Success on All Three Fronts
According to Perl, the Innovation Lab has been received enthusiastically by hospital personnel, drawing the participation of many clinicians and exploring 134 needs in its first year, roughly ten of which are now moving forward towards patient care with three patents issued so far. Some of the projects include a method to reduce perineal tears during vaginal delivery, a system to detect and analyze oral ulcers and a machine that helps the medical team perform external cephalic version, a procedure used before birth to try and turn a baby that is in breech position. Interest has continued to grow, and now Clalit, the healthcare system Perl’s hospital belongs to (and the largest healthcare system in Israel), is working to replicate the hub inside its other hospitals.

“The model works because it encourages caregivers in the hospital to share their insights without worrying whether or not their idea is good enough,” said Perl. “Because we are all colleagues, it’s easier for them to approach us and say, ‘Listen, I have this idea. It’s probably stupid, but...’  In most cases, they are on to something. And I feel like a lot of their great ideas would never have gone anywhere without our little garage-style innovation lab.”

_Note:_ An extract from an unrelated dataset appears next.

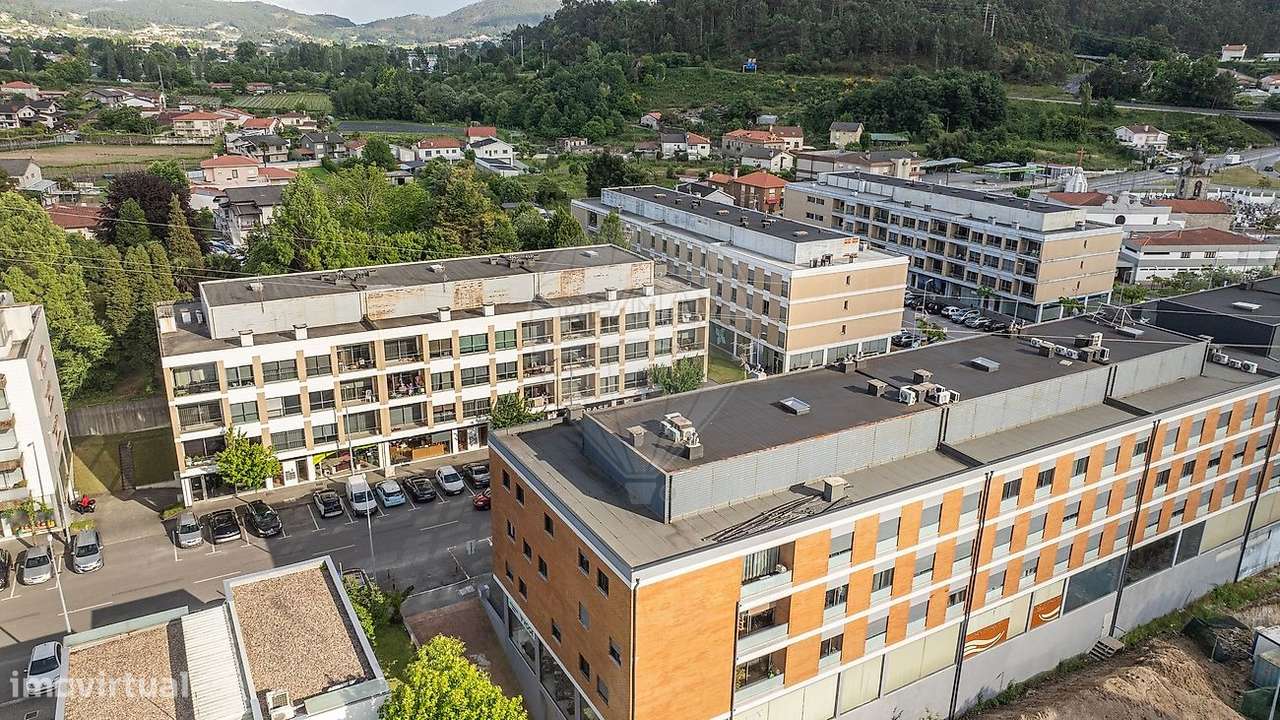 Apartamento T3 situado em Celeirós-25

In addition, the network of resources and partnerships the Innovation Laboratory has developed to move promising new ideas forward is rapidly expanding. “Right now, we have agreements with four academic institutions who will pair our clinical personnel with graduate students in appropriate specialties like engineering,” described Perl. “In turn, the hospital provides clinical consultation and support as they work on research and development.”

He added, “We’ve also teamed up with other interesting groups such as the alumni of special Israeli Defense Force units who are brilliant engineers and now innovators in the civil world. We have discovered many opportunities to work with entrepreneurial organizations and build ongoing relationships where we supply the clinical needs and expertise and they bring in entrepreneurship, business, engineering, and design capabilities. So a lot of what we’re doing is building an innovation ecosystem.”

In parallel, Vectorious Medical Technologies is thriving. The company has recently successfully completed first-in-human cases in Europe and in Israel, and is planning to begin trials in the US soon. Despite the buzz around the start-up, Perl doesn’t see himself giving up his practice to focus on innovation full time. “I have always been a physician first,” he said. Moreover, he believes his continuing clinical practice enhances his value as an innovator. “It helps because everything we do revolves around patient care, and because I have a hands-on understanding of physician and hospital stakeholder needs,” he said.

“I’m extremely lucky to be able to combine all of the things I love,” Perl noted. “Doing them all takes lot of energy and many hours of work. But I am definitely not bored!” “When I think about the Stanford Biodesign website opening sentence – “Welcome to the future of healthcare,” I feel this is my opportunity to be part of that, the future of healthcare. Doing this is my greatest goal.”


All quotations are from interviews conducted by the authors unless otherwise cited.